2. Can I turn of the lights at night, or should I turn them off? Im worried that the temp will drop without the lights on. They spawned at about 84-86 temp. It cools off at night to about 80 in the tank.

3. What is the optimal temp to keep the tank at?

4. How can I create? culture? or make infusoria? I looked on the internet and there was a site that said to take some tank water and add some dried leaves to it and let it sit in the sun for a few days, the water will go cloudy and then I will have infusoria. I have tried this but the water has not gone cloudy yet. I will need to feed the fry in the next day or so.

Any help on these questions is greatly appreciated since this is my first spawn.


----------



## flutterbye75 (Aug 2, 2005)

is there anyone that can answer my questions? I really could use some advice.


----------



## Damon (Jan 18, 2005)

I'll try to answer them for you 
1. Remove the father after the majority of the fry are freeswimming. He may eat them at that point

2. Again leave the lights on 24hrs a day until the fry are freeswimming. If he cant see them (and they are tiny) he cany put them back into the nest.

3. Try to stabalize the temp at 82 degrees. If this involves putting your hand in the tank leave it be. You can adjust it later if there are any problems.

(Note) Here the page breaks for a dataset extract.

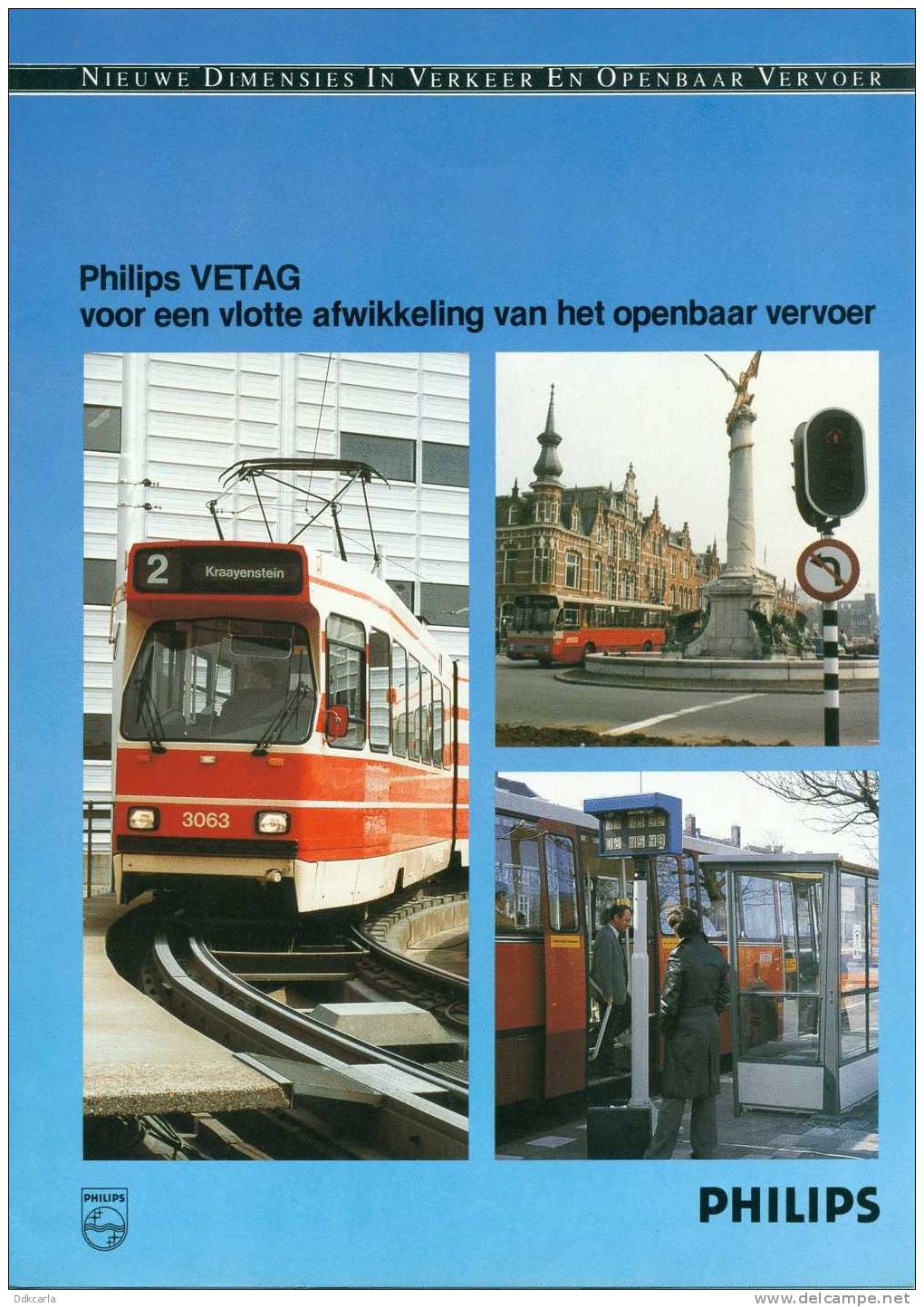 Brochure - Philips VETAG - Nieuwe Dimensies In Verkeer En Openbaar Vervoer - Tram - Bus - Europa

4. You should have already had the food before you tried to spawn. Its not too late though. There is a product availbale called liquidfry # 1 and #2. Ones for livebearers and one for egglayers. If you have some java moss throw it into the tank on the opposite side of the nest. Add a few drops of the liquidfry on top of the moss. If you don't have access to the moss, add it onto your sponge filter. If you cant find the product, boil an egg and put a tiny, tiny piece into a hankerchief and dip it a few times. Do this as a last resort as egg yolk, while very nutritious, will foul water quickly.

Http://www.livefoodcultures has cultures you can buy for bbs, daphnia, microworms, vinegar eels, grindal worms, whiteworms, and springtails. All good foods for bettas growing up.


----------



## flutterbye75 (Aug 2, 2005)

Thanks for your quick response, but I did go and buy some liquid fry food from my lfs yesterday. The fry still have a bit of their yolk sac this morning. I will probably start feeding them tonight or tomorrow morn. As far as the live food, I currently have 2 jars going and plan on starting another one today, I just needed a quick fix, as the infusoria wasnt ready yet. 

So, all the sites, as well as yourself, tell me to remove the male when they are all free swimming, but what does that look like. The fry are hatched, and their yolks are almost absorbed, but they mostly hang out on the top of the water, still under the floating plants, and the male is still blowing bubbles for them and catching them when they swim downwards, and putting them back at the top. So to say to take him out when they are free swimming, doesnt help me much. Are the fry classified as free swimming now? Or are they still too young to be seperated from Dad?

I appreciate all the help you gave, it was more than anyone else could give!


----------